Walking the Technical Side of Localization: Orchestrating QA, OCR and DTP to Really Work for You

Ciklopea 3 weeks ago Comment

On the execution level, every localization project has two major distinct dimensions – linguistic and technical. While the linguistic dimension encompasses language adaptation issues, such as language pairs, translation, and review, technical dimension includes physical aspects of the project, such as file formats, required software, digital resources and various additional services that need to be performed before, during and after the project, all with the aim of ensuring the quality and usability of the final localized materials. Both dimensions are of equal importance and we may say that the difference between translation and localization happens at the junction point of these two dimensions.

Fixing the Quality Issues in the Source

We have touched upon the direct link between the quality of source materials and the quality of translation in our previous article. This theme also extends to the technical realm – poorly formatted, uneditable or poorly scanned source documents will definitely not improve the quality of the localized materials.

The main reason for this is that, regardless of whether we use an AI-powered machine translation engine and post-editing or traditional professional human translation, all the major phases of localization process are performed in a CAT (Computer-Assisted Translation) software that can only be used with editable files.

CAT infrastructure is what enables boosted productivity, cuts costs and shortens the turnaround time, so it is easy to see why the properties of the source files are one of the essential elements of the localization process.

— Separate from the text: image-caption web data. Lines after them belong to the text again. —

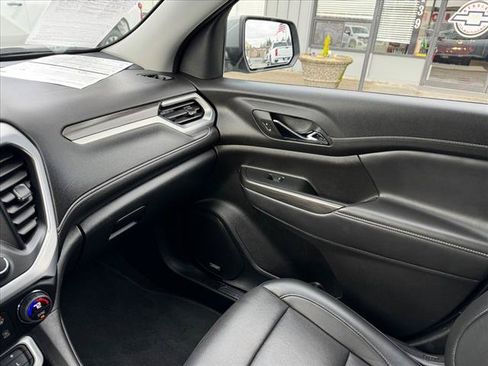 Used 2023 GMC Acadia SLT AWD/4WD image 14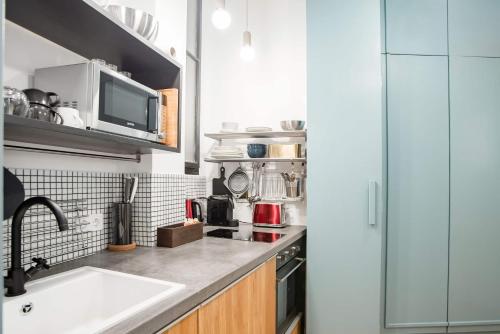Designer Dream Home At The St. Stephen Basilica - image 9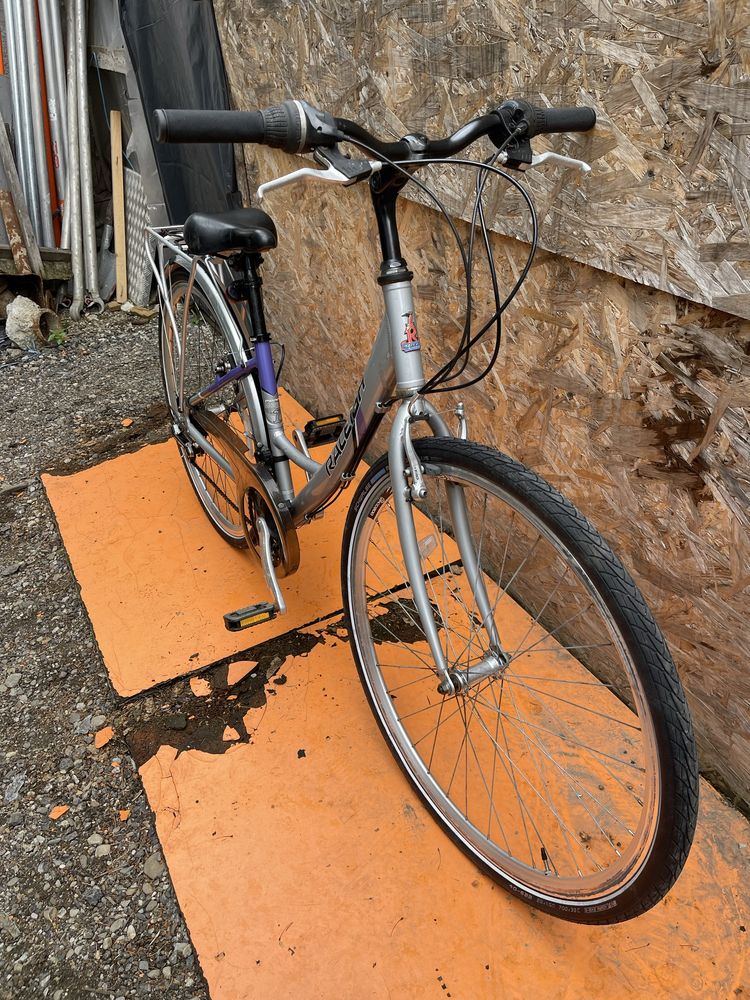 Bicicleta raleigh cadru dama roti 28” cadru aluminiu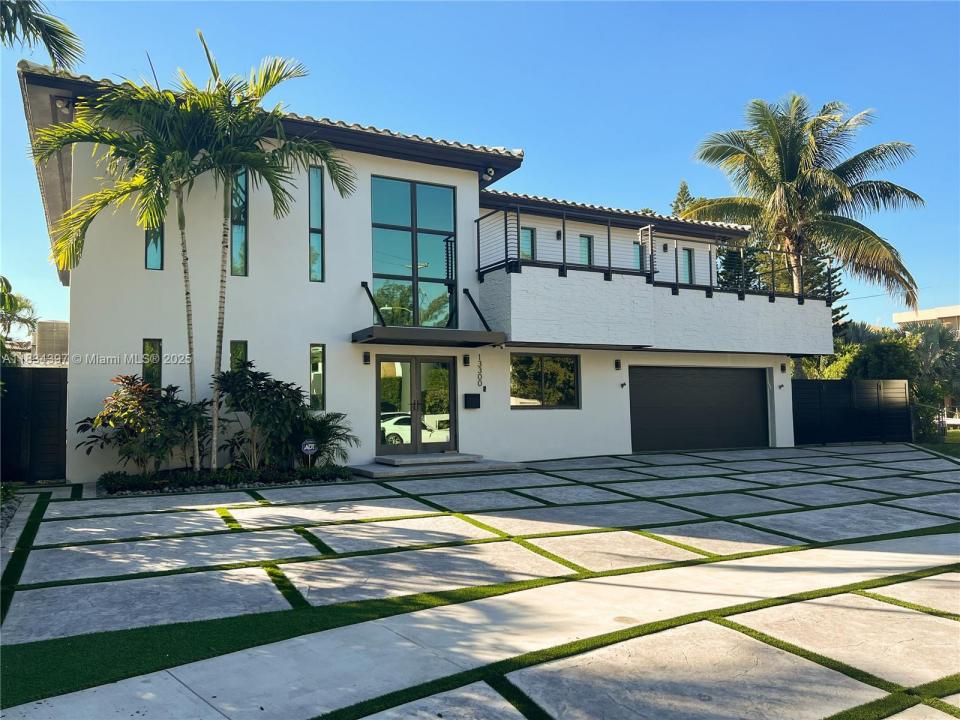 13300 Biscayne Bay Ter, North Miami, פלורידה 33181, ארצות הברית של אמריקה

In cases when source files cannot be easily imported into a CAT software, there are ways to process these files to enable smooth execution of the localization project, such as:

  • OCR or Optical Character Recognition

In certain cases, the materials for localization exist only in the form of scanned documents, or they include images or scanned elements such as seals, tables, or even written text. To make these files editable, technical localization teams perform OCR processing to generate a searchable and editable textual file that will be used in the further phases of the process.

  • Alignment

In cases when there are (editable or uneditable) translated versions of documents that were not generated in a CAT tool, it is possible to perform the OCR and subsequently the alignment process to develop translation memories that will enable faster, cheaper and leaner localization with improved lexical consistency.

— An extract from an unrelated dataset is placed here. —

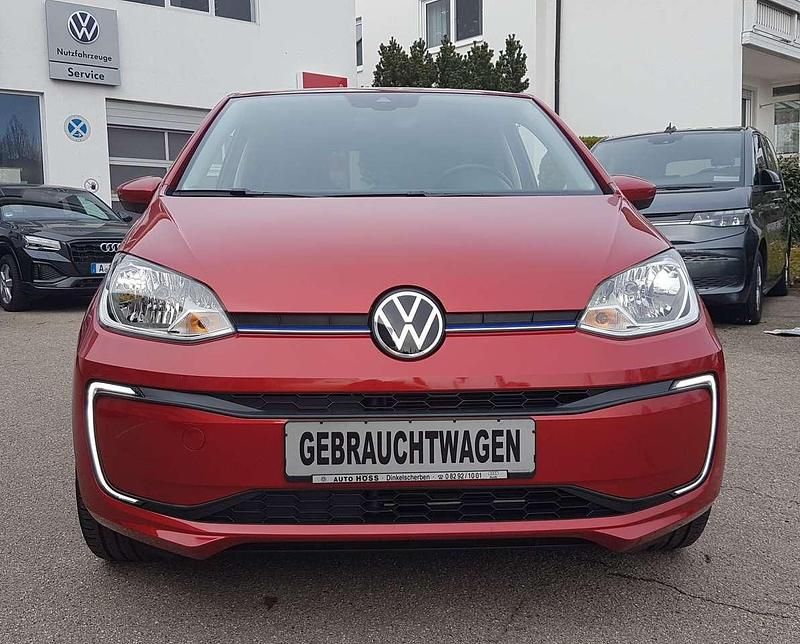 Gebraucht VW e-up! 61 kW (83 PS) 2023 Kings red metallic Kleinwagen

  • Development of Terminology Bases

It is always recommended to extract specific terms and phrases – from taglines to any project-related terms that require special attention – before the localization process begins, and to develop terminology bases that will contain client-approved translations of these terms and phrases. This approach will save time and resources and ensure consistency and quality of the localized materials.

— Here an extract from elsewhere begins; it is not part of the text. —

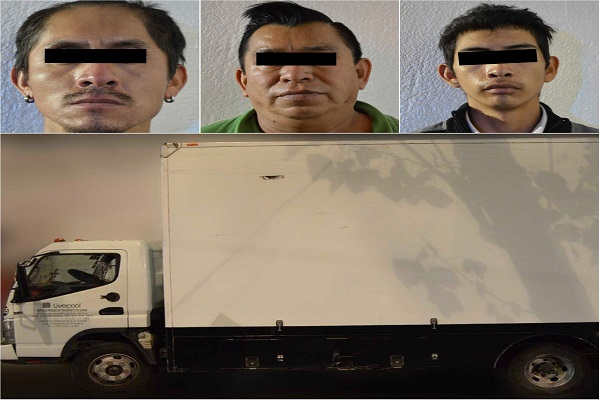 Policía Municipal captura a banda de asaltantes de camiones de carga en Puebla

Fixing the Quality Issues in the Target

Quality Assurance (QA) process is performed on translated and reviewed files to check and resolve any errors that may have slipped through. The QA process is also computer-assisted and can be performed within the CAT tool or with independent QA applications.

What is usually checked are issues that involve spelling, formatting, tags, numbers and consistency. Depending on the project requirements, there are various types and levels of quality assurance, and dedicated QA programs are developed for each project.

It should be noted that the QA process is performed on purely textual files before they are sent to further processing, depending on the file format. After this stage, further quality control steps may include:

  • DTP or Desktop Publishing + Proofreading

Even the best laid translations may go awry once the translated text is imported into a page layout software. Different languages (and different scripts) have different lengths, there may be issues with text breaks, fonts, layouts and everything in between.

This is why DTP should be performed with proofreading that will enable the linguist team to check their translation in context and address any issues before the localized materials are published.

  • Software testing

In cases when the subject of localization is software, testing of localized apps (or, alternatively, screenshots) is performed for the same reasons as proofreading – to enable the linguists and QA teams to check their work in context and address any issues.

Under One Roof

While each of these processes can be performed by different teams and by various organizations, the record shows that centralizing the entire localization process and the supporting processes provides higher quality and faster turnaround times – simply because the linguist and technical teams within the same organization who work in accordance with harmonized rules and procedures are essentially all working on the same task with the same goal.

There is little room for “not my job” mentality, misunderstandings of technical and language aspects of the source material and similar weak spots that may lead to errors, delayed product launches or suboptimal localization.

Lest we forget, we localize content to localize the experience, and one of the fastest and safest ways to do it is by bringing various talents whose services are required for localization under the same roof. This enables linguists to know how their translations will be used and they will have an opportunity to adapt their work accordingly and to check it in context, while the tech people will be aware of the importance of linguistic subtleties in their line of work, and the result can only be a high quality localization.